Pre-tax profits at specialist publisher Future have once again ballooned, this time more than doubling to £107.8m in its full-year results for 2020/2021.

Only five years ago, though, the company was reporting losses of £30m.

The company went from losing £30m to earning £107.8 million. That is an unbelievable turnaround. How has it done it? PressGazette looked at every deal that was done since 2016 and found that Future had spent at least $1.3 billion over 19 deals.

What was it buying?

In 2019, it paid £53.8 million for SmartBrief, which partners with industry associations to power their newsletters. The association drives the audience and SmartBrief writes and sells advertising in the newsletters. I wrote about its acquisition of Dennis back in August.

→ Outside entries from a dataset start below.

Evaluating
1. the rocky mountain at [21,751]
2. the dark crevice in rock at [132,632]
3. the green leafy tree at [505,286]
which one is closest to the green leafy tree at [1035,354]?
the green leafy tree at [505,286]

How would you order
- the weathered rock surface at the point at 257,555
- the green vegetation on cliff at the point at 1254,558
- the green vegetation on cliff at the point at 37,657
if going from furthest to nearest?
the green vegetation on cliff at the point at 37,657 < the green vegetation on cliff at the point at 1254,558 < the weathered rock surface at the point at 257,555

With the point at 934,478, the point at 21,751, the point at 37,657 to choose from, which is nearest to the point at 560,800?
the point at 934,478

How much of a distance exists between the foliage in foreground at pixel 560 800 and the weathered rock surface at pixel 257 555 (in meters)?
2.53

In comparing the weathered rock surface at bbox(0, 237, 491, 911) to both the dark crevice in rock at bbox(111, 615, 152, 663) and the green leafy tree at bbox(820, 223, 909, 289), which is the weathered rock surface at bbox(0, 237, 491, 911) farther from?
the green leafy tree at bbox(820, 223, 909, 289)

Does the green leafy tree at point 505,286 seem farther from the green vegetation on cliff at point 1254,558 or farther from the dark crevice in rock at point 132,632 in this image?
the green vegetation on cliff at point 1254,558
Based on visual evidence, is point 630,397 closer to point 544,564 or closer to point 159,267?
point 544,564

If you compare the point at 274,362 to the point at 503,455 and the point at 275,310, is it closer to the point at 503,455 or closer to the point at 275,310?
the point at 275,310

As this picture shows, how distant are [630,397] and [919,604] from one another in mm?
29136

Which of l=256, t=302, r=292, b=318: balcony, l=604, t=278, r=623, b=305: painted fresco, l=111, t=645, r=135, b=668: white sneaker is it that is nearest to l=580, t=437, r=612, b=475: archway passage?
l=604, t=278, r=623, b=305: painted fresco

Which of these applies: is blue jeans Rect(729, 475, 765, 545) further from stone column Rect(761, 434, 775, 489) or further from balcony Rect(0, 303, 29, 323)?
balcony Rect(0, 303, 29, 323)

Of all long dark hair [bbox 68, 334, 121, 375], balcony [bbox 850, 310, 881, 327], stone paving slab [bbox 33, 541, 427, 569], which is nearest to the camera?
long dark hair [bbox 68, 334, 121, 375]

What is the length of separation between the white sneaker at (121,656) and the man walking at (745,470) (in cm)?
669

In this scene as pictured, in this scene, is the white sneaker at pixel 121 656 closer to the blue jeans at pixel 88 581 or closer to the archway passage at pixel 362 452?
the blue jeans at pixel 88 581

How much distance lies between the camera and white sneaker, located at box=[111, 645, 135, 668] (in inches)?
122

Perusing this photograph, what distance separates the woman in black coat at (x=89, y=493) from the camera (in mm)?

In a nutshell, Future is the truest definition of a niche media operation. I would be shocked if any of its publications are massive scale plays. But, each one serves a specific audience. SmartBrief’s pubs serve specific B2B industries. Dennis has brands like IT Pro, Minecraft World, and Kiplinger. These are niche players for very specific audiences.

So, what comes next?

I would be shocked if Future slowed down. It has found a model that works for it. Acquire an asset, clean things up, and put a diversified monetization model against it. It’s not sexy, but it works. Five years ago, shares of Future could be picked up for £172. Today, each share trades at £3,296. What a turnaround.